[BRIEF]: Copy exactly, and copy nothing else: the line that contains "Квартира с крытой" and all lines after it in the listing, without pictures.

>>>>

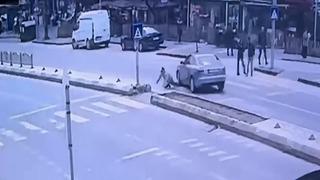 Otomobilin yayaya çarptığı kaza kamerada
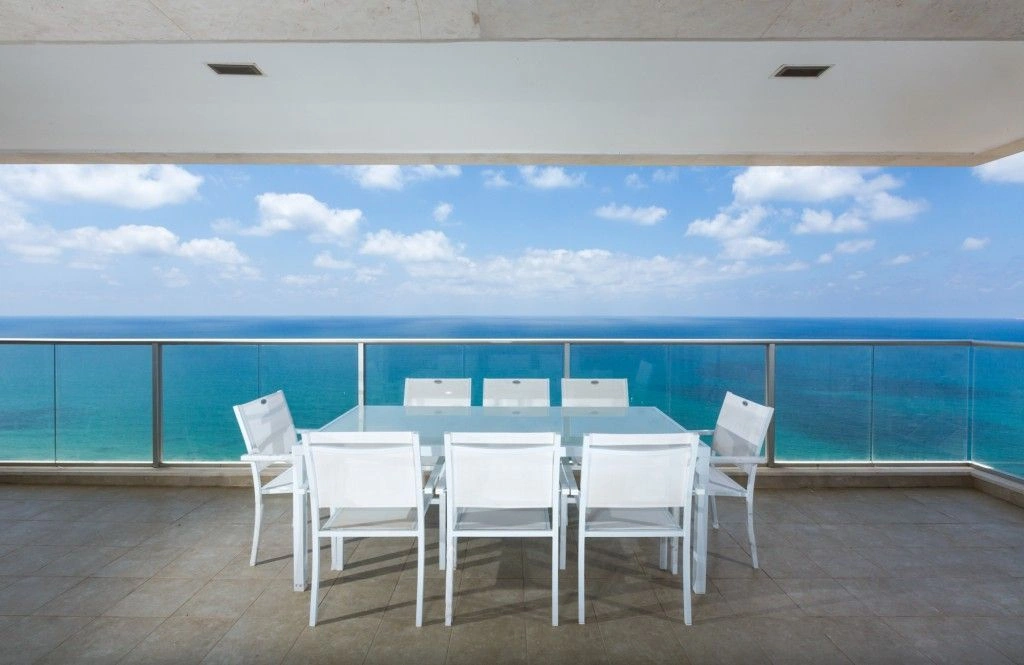 Квартира с крытой террасой и панорамным видом на море в Нетании - 3 000 000 $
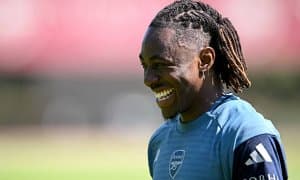 Эзе "Арсенал"даги дебютига тайёрланмоқда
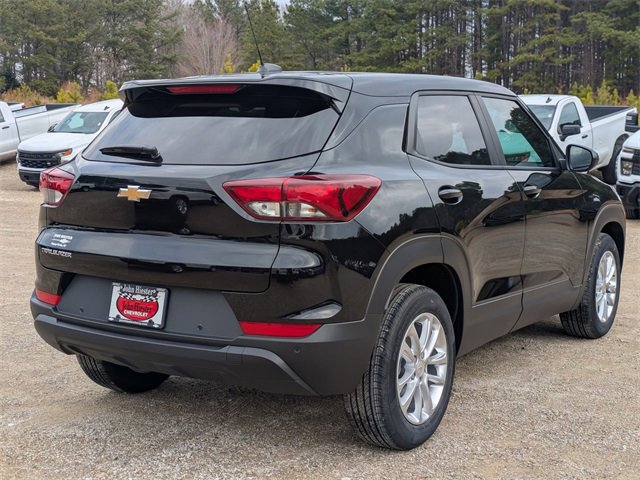 New 2026 Chevrolet TrailBlazer LS image 2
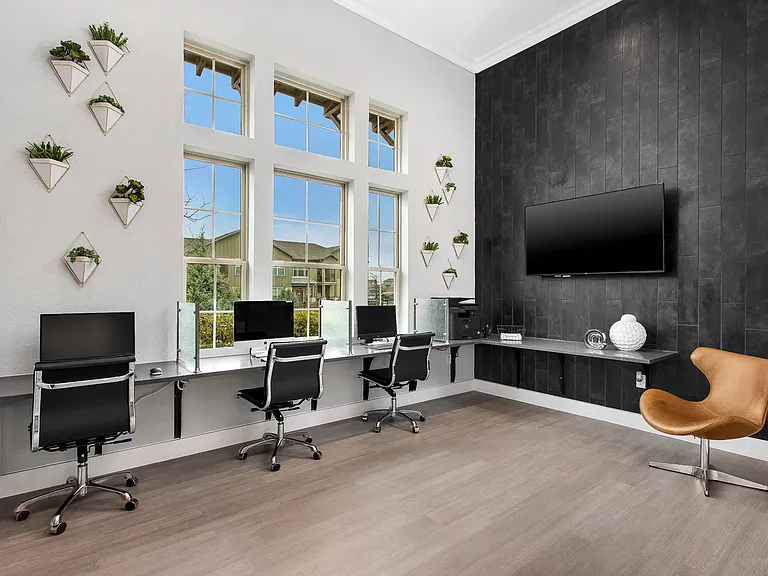 24-Hour Business Center with Computers and Wireless Printing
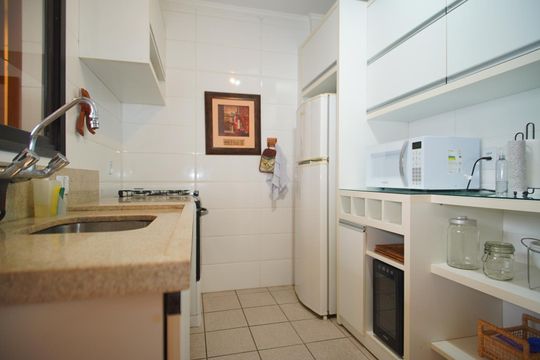 Cozinha de apartamento à venda com 2 quartos, 89m² em Chácara das Pedras, Porto Alegre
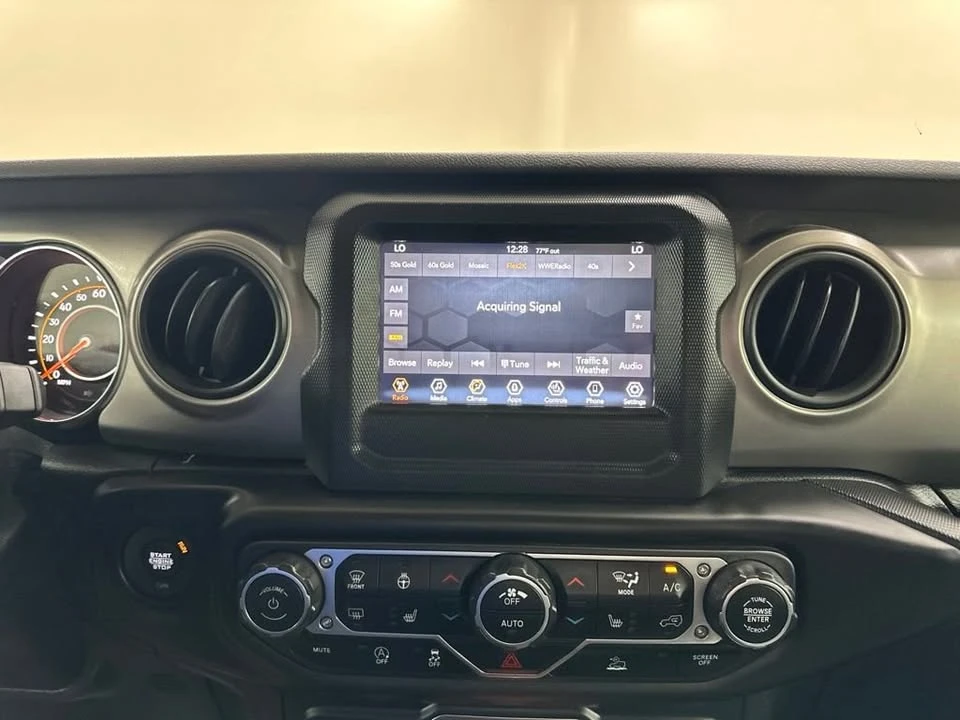 2020 Jeep JT Gladiator - Image 17 of 20
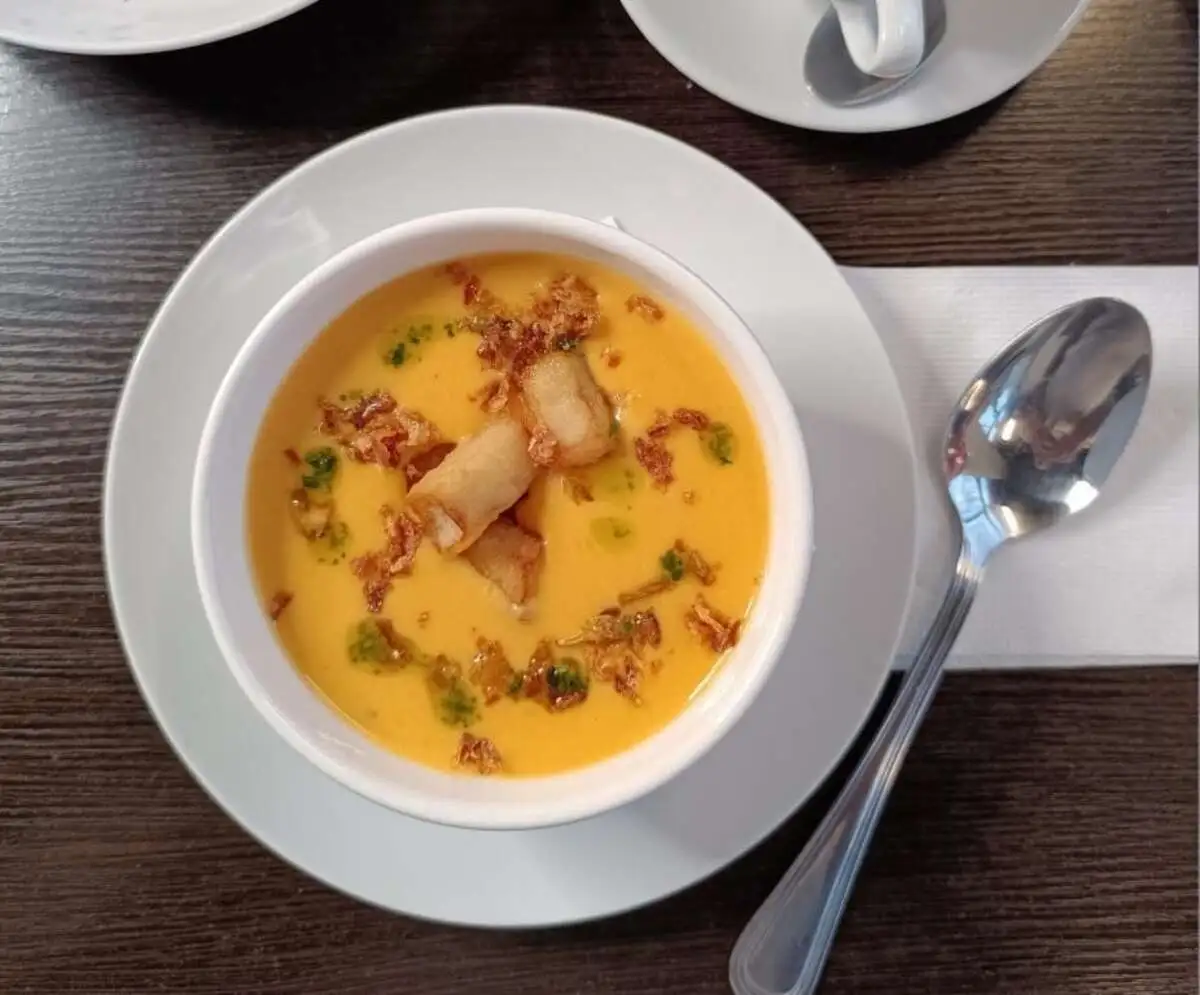 Суп-крем Чечил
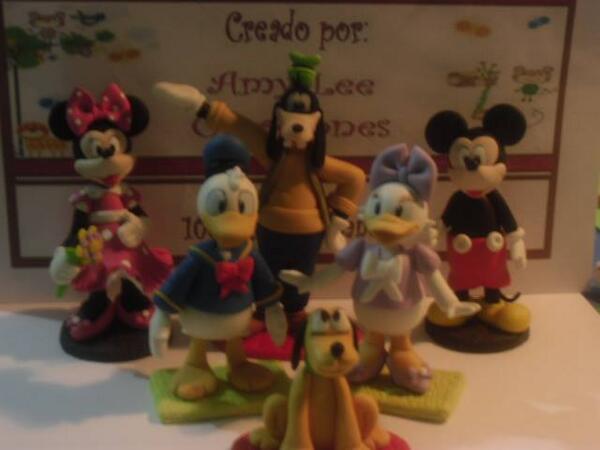 creando_amylee's tweet photo. minnie, mickey y sus amigos... http://t.co/vN7nHHEpno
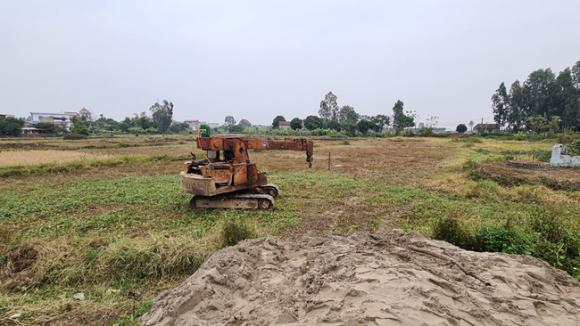 Vụ máy ép cọc công trình đổ sập khiến 4 cháu nhỏ thương vong ở Bắc Ninh: Xót xa kẻ đầu bạc tiễn người đầu xanh - Ảnh 1.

<<<<

[TASK SOLUTION]:
 Квартира с крытой террасой и панорамным видом на море в Нетании - 3 000 000 $
 Эзе "Арсенал"даги дебютига тайёрланмоқда
 New 2026 Chevrolet TrailBlazer LS image 2
 24-Hour Business Center with Computers and Wireless Printing
 Cozinha de apartamento à venda com 2 quartos, 89m² em Chácara das Pedras, Porto Alegre
 2020 Jeep JT Gladiator - Image 17 of 20
 Суп-крем Чечил
 creando_amylee's tweet photo. minnie, mickey y sus amigos... http://t.co/vN7nHHEpno
 Vụ máy ép cọc công trình đổ sập khiến 4 cháu nhỏ thương vong ở Bắc Ninh: Xót xa kẻ đầu bạc tiễn người đầu xanh - Ảnh 1.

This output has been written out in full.